▸ **WORK INSTRUCTION**
Take the lines in the listing below from the line with "Blue 40 yard roll off in a driveway" up to and including the line with "Different ingredients for" and set them down exactly, skipping pictures and adding nothing.
+ + + +
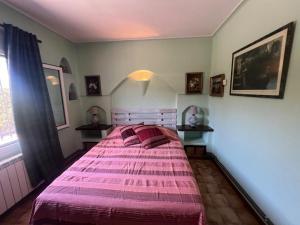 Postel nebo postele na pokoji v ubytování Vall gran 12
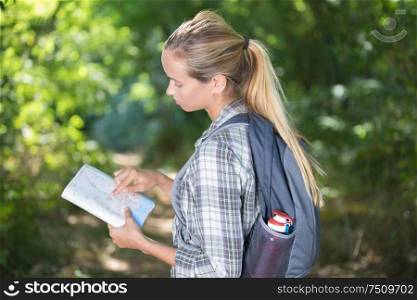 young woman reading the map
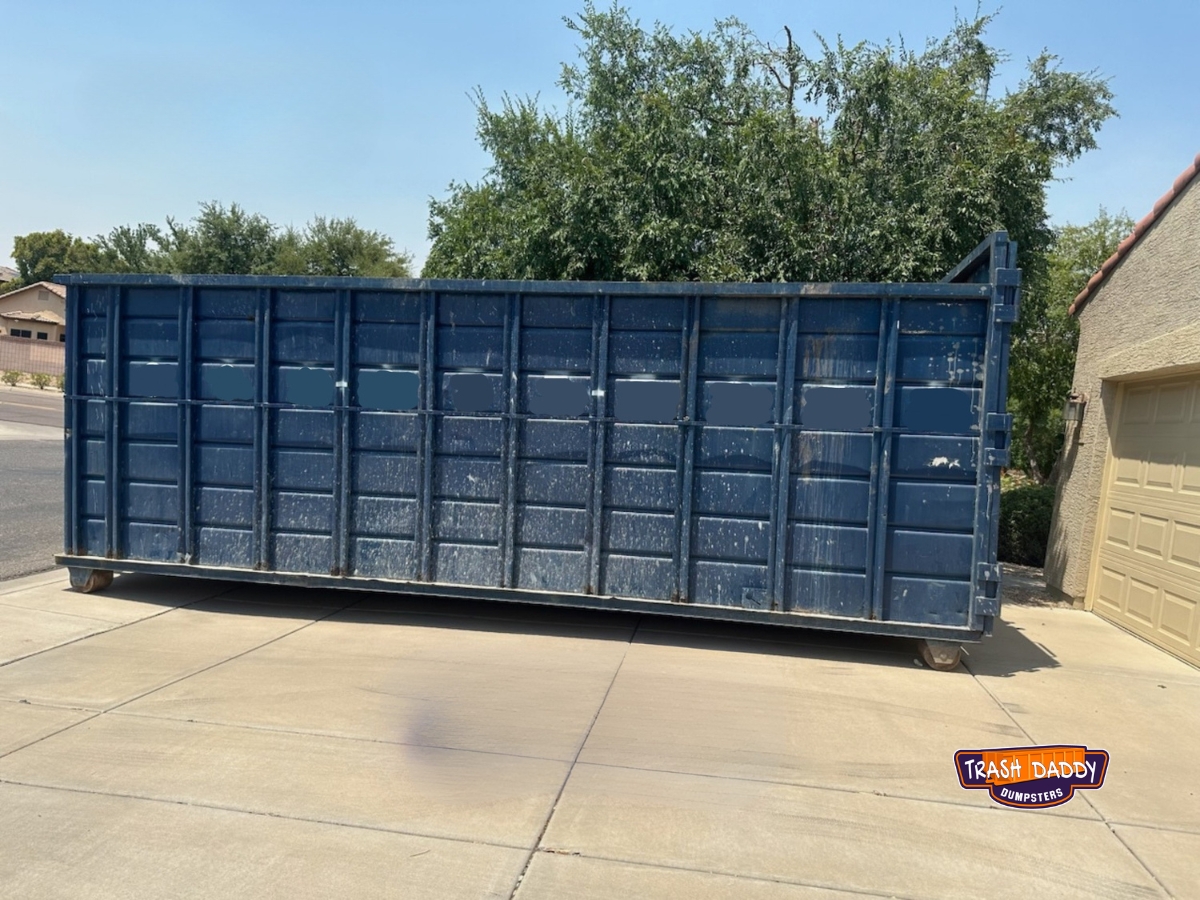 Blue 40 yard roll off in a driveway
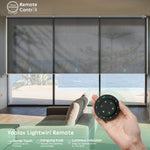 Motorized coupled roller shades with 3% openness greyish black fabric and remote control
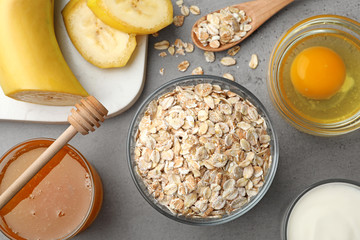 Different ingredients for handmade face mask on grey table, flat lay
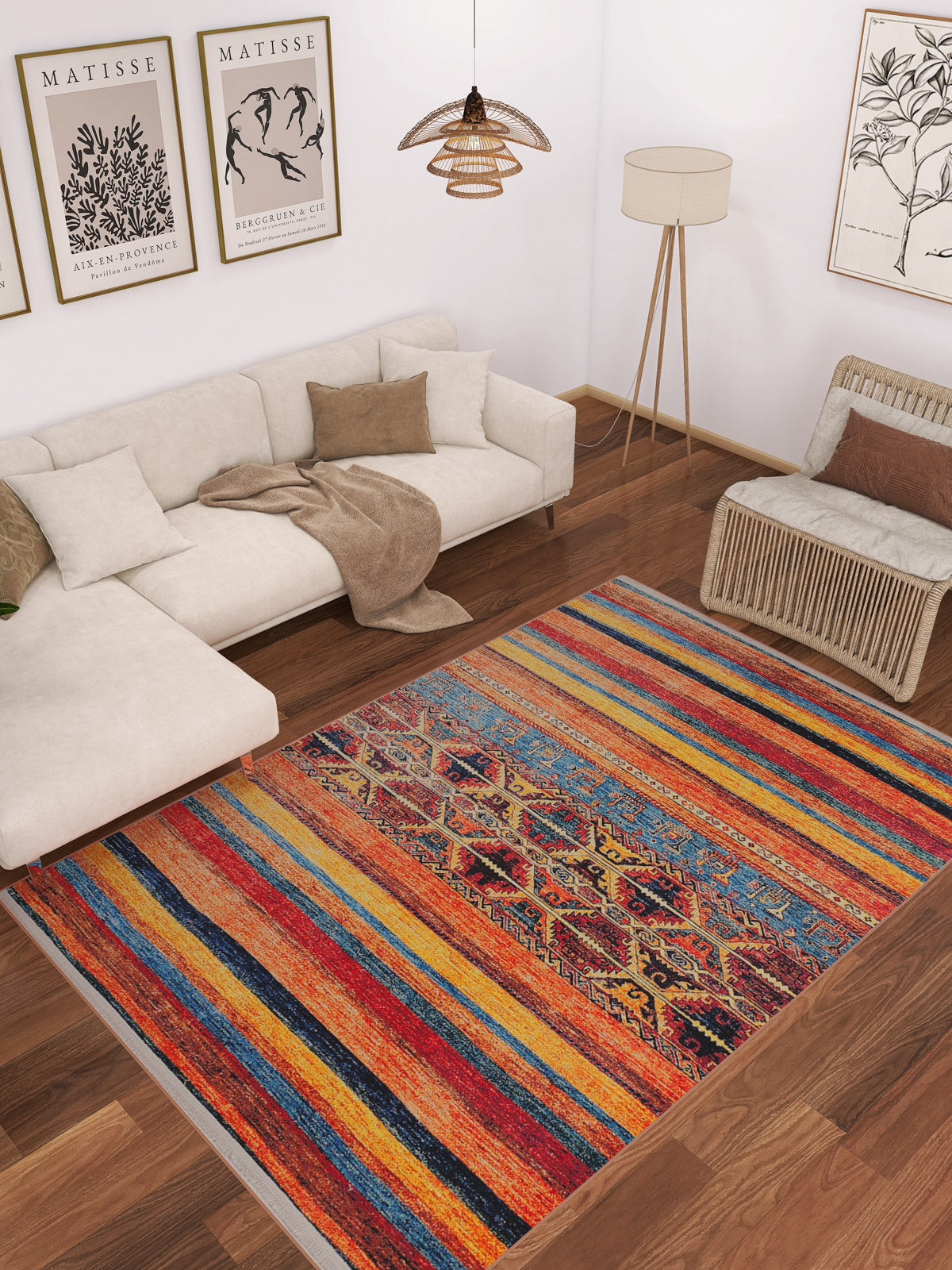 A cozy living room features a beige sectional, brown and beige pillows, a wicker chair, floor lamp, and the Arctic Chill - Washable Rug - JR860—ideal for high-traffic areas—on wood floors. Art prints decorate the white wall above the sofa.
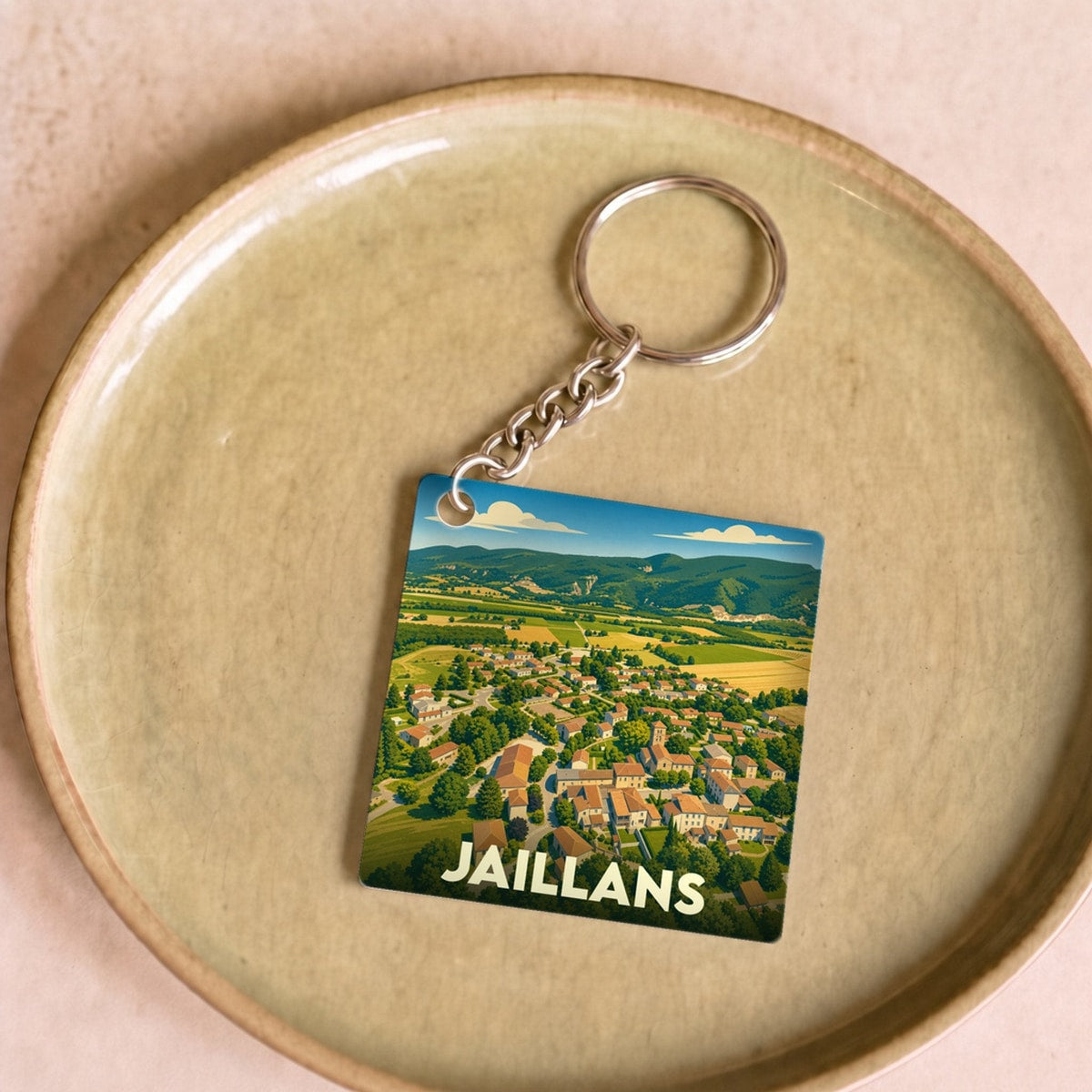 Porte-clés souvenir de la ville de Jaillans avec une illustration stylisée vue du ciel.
+ + + +
▸ **RESULT BELOW**
 Blue 40 yard roll off in a driveway
 Motorized coupled roller shades with 3% openness greyish black fabric and remote control
 Different ingredients for handmade face mask on grey table, flat lay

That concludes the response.